WORK REQUEST: Type the entries out again exactly as they read, but leave every picture behind.

== DATA LISTING

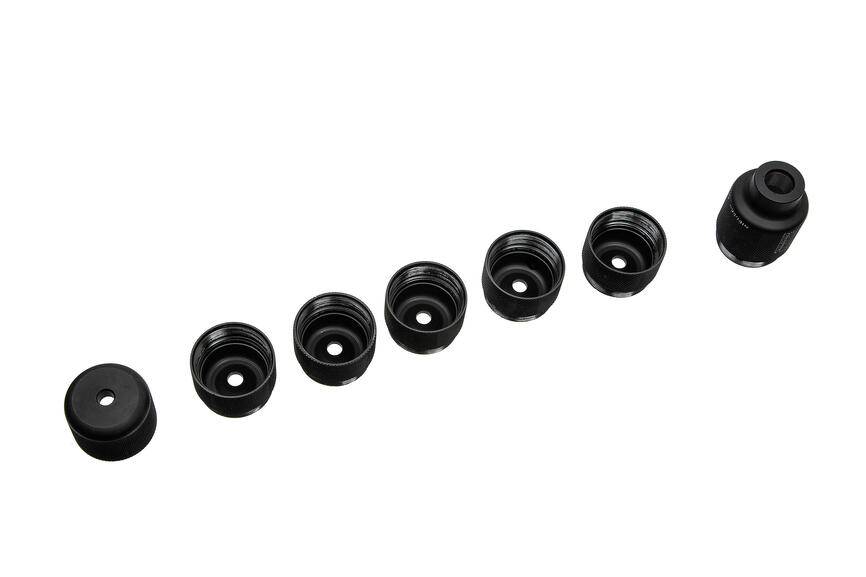 Саундмодератор Nielsen SubSonic 22 (1/2 "-28) калібри - 22lr. Фото 4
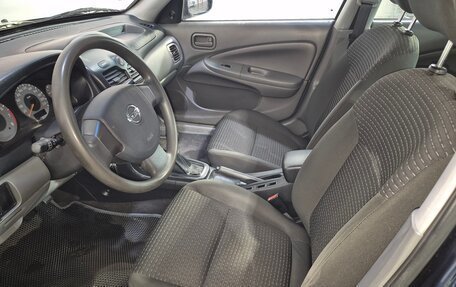 Nissan Almera Classic, 2009 год, 549 000 рублей, 11 фотография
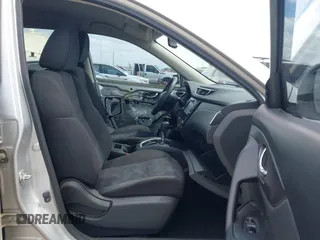 2016 Nissan Rogue S with VIN KNMAT2MT7GP595135, listed as a IAAI auction lot 41807286 with 103,576 mi miles and . Bid and sale history available at DreamBid. Image 5.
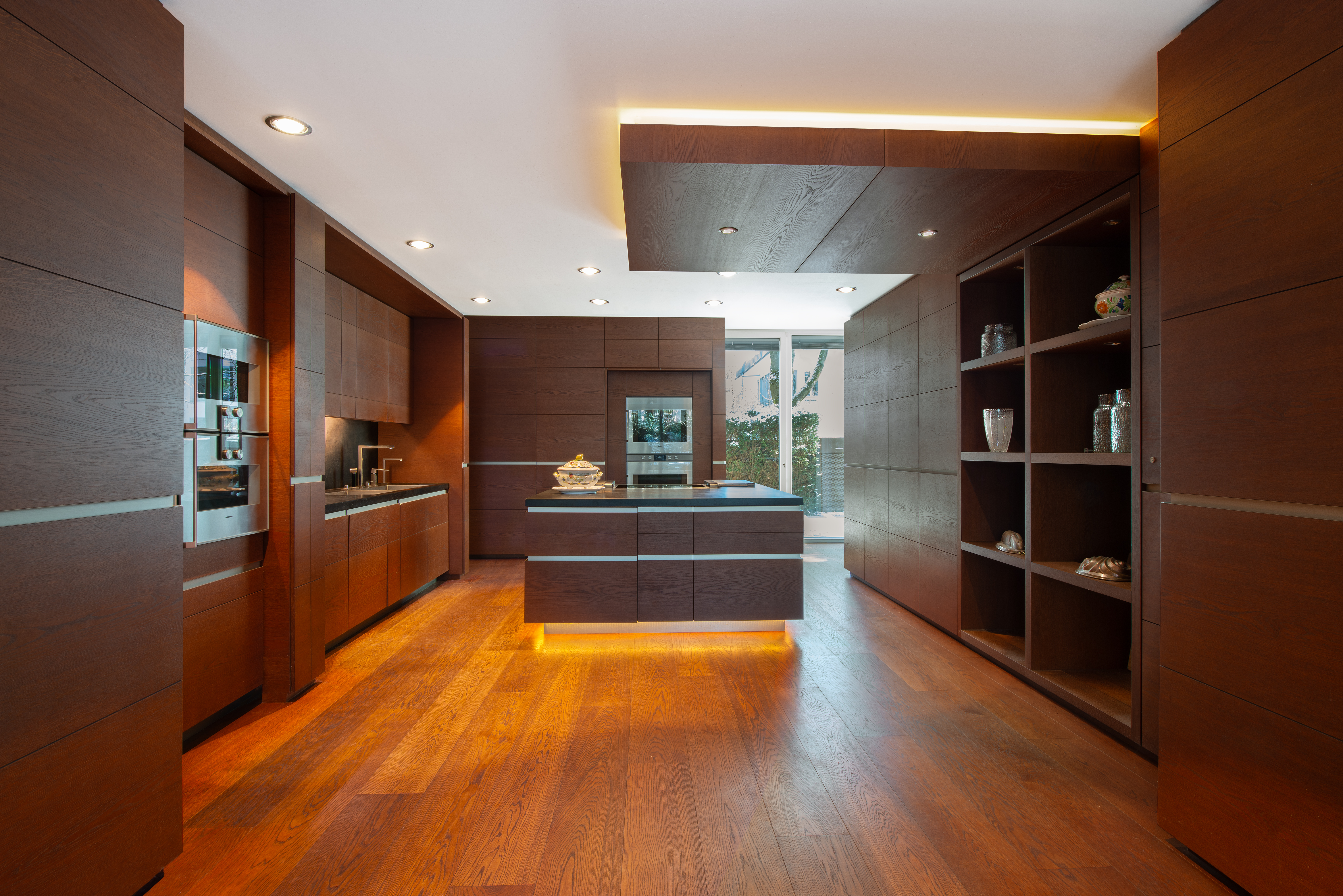  Stylish, prestigious maisonette garden apartment in a top location - 物件實景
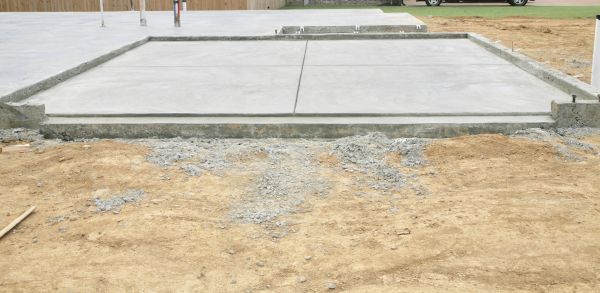 Cost of Garage Foundation Replacement in Costa Mesa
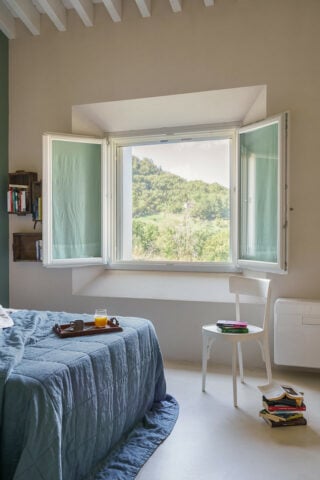 Malatesta Maison — Bedroom twin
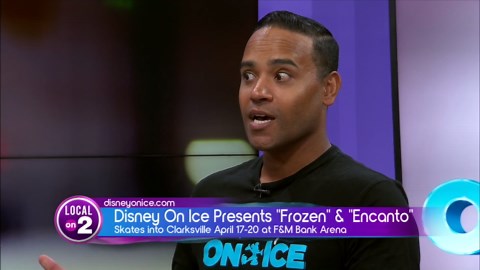 Disney On Ice: Frozen & Encanto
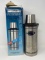 Champ Stainless Steel Vacuum Bottle with Box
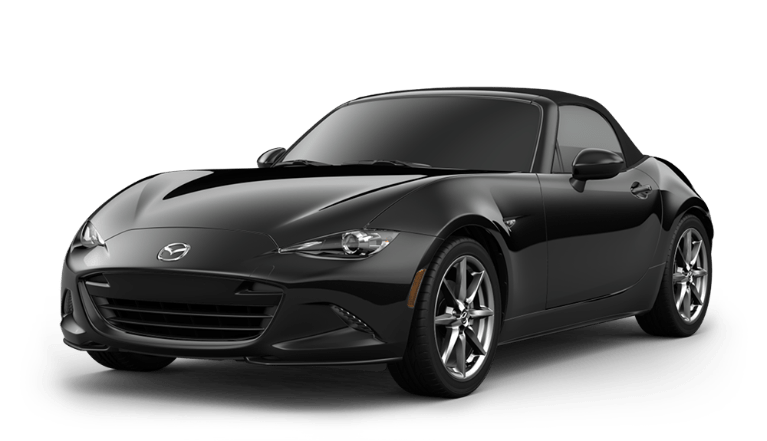 2021 MX-5 Miata Jet Black Mica | Rochester Mazda in Rochester MN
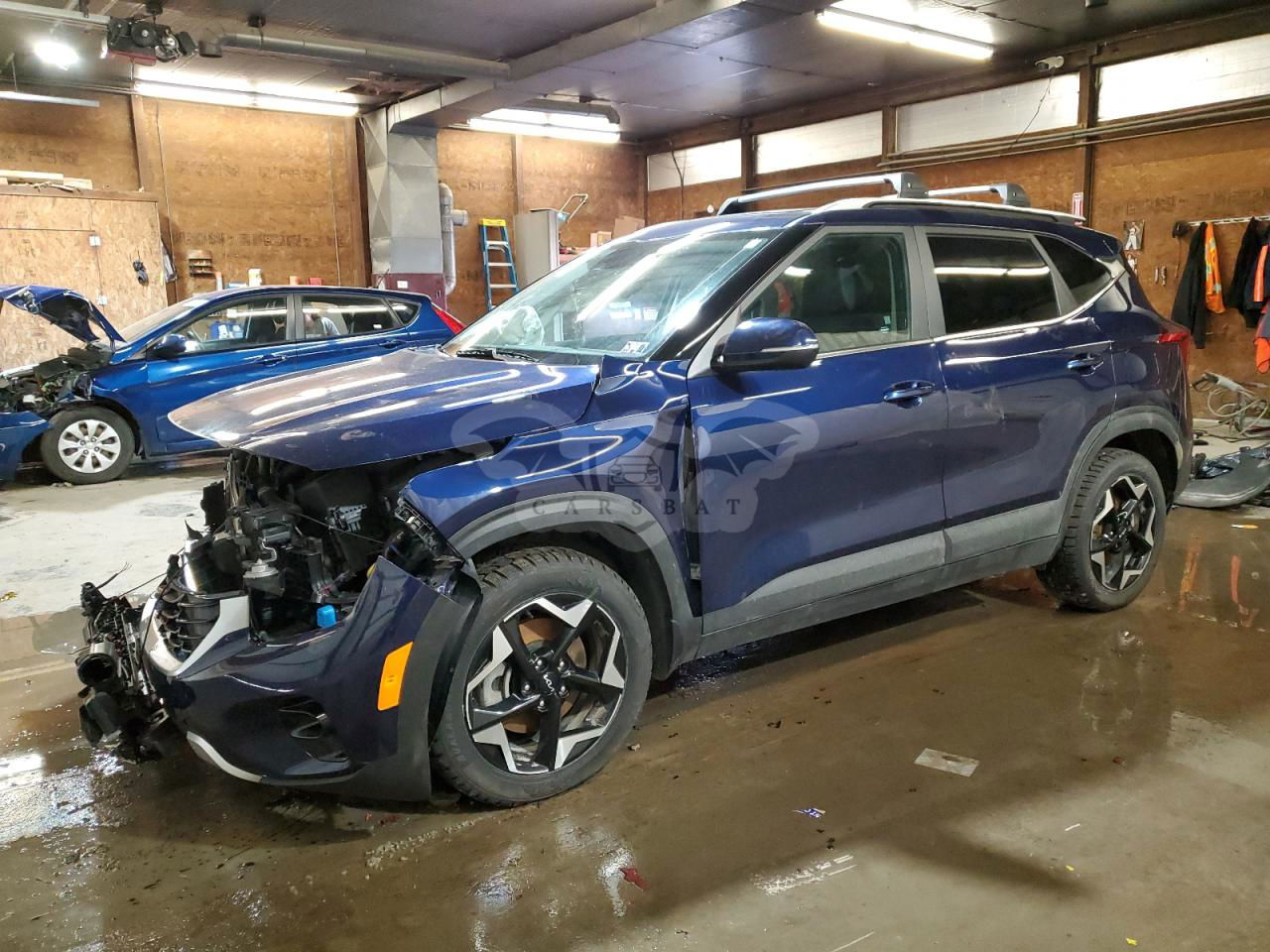 Kia Seltos EX 2.0L  4 2024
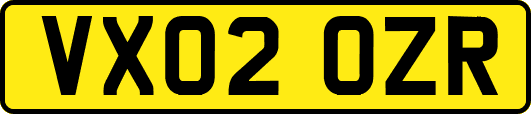 VX02OZR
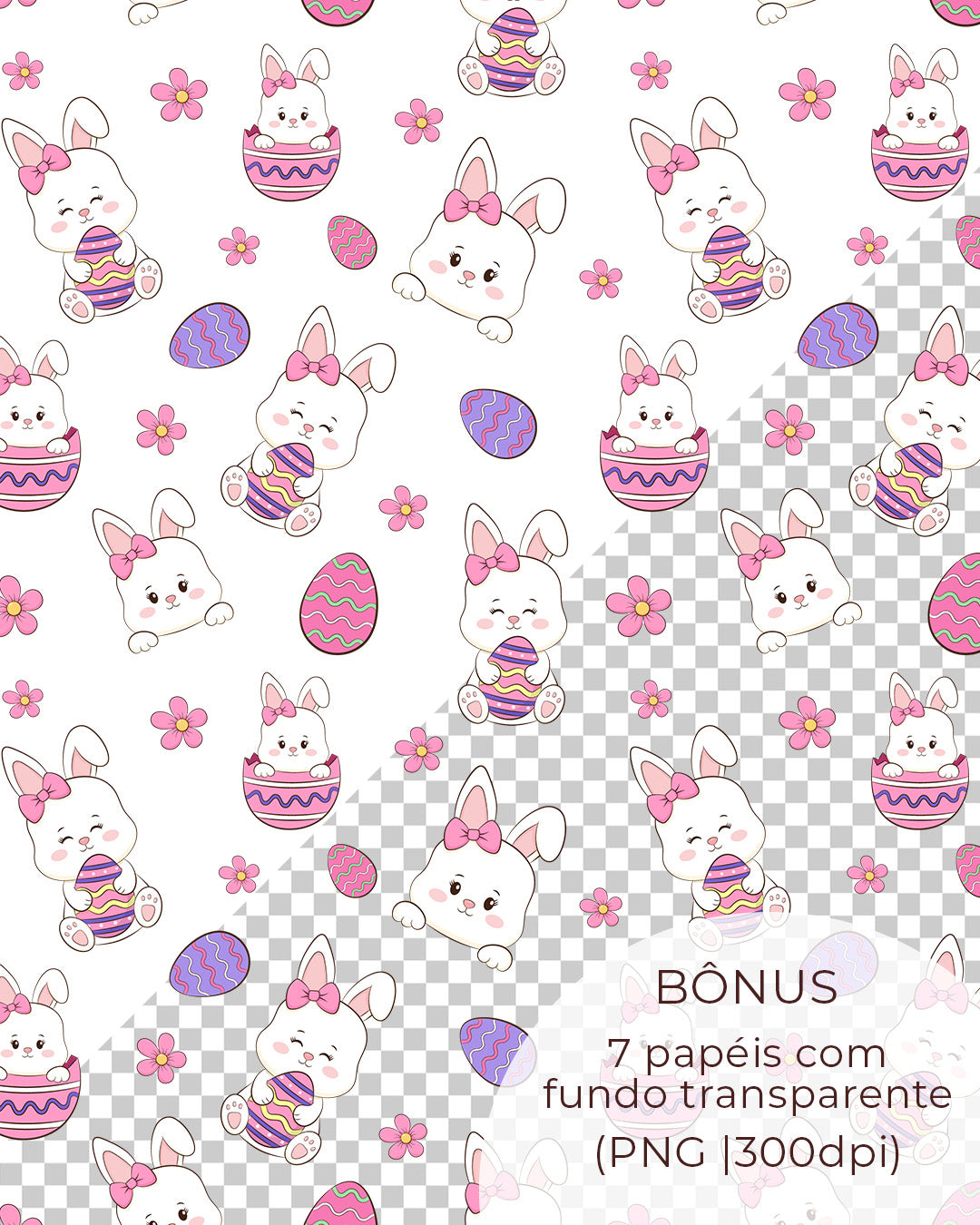 Digital Bundle - Happy Easter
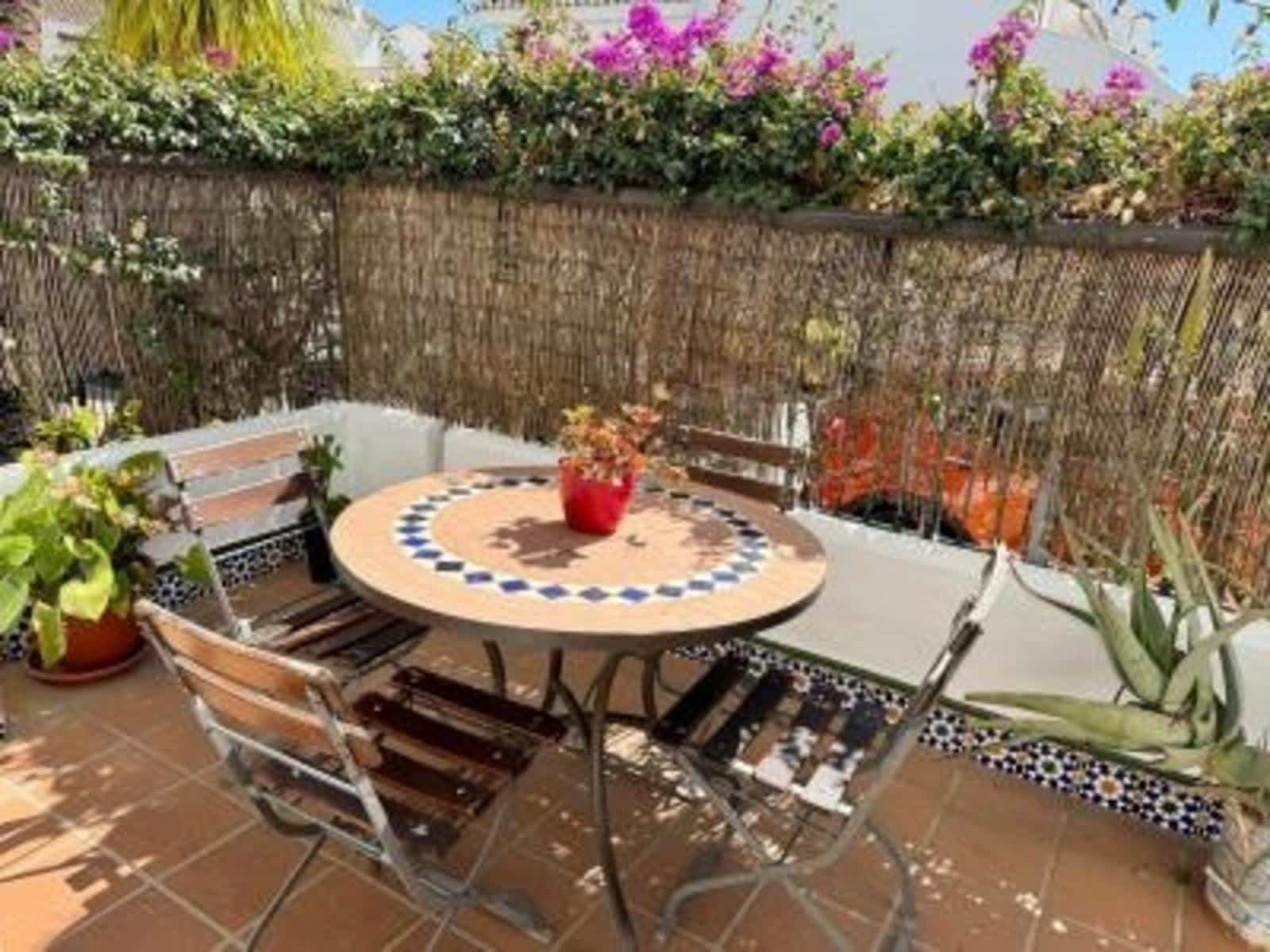 Piso de 3 habitaciones en Nueva Andalucia en venta con piscina - 446.250 € (Ref: 8827629)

====

SOLVED PROBLEM:
 Саундмодератор Nielsen SubSonic 22 (1/2 "-28) калібри - 22lr. Фото 4
 Nissan Almera Classic, 2009 год, 549 000 рублей, 11 фотография
 2016 Nissan Rogue S with VIN KNMAT2MT7GP595135, listed as a IAAI auction lot 41807286 with 103,576 mi miles and . Bid and sale history available at DreamBid. Image 5.
  Stylish, prestigious maisonette garden apartment in a top location - 物件實景
 Cost of Garage Foundation Replacement in Costa Mesa
 Malatesta Maison — Bedroom twin
 Disney On Ice: Frozen & Encanto
 Champ Stainless Steel Vacuum Bottle with Box
 2021 MX-5 Miata Jet Black Mica | Rochester Mazda in Rochester MN
 Kia Seltos EX 2.0L  4 2024
 VX02OZR
 Digital Bundle - Happy Easter
 Piso de 3 habitaciones en Nueva Andalucia en venta con piscina - 446.250 € (Ref: 8827629)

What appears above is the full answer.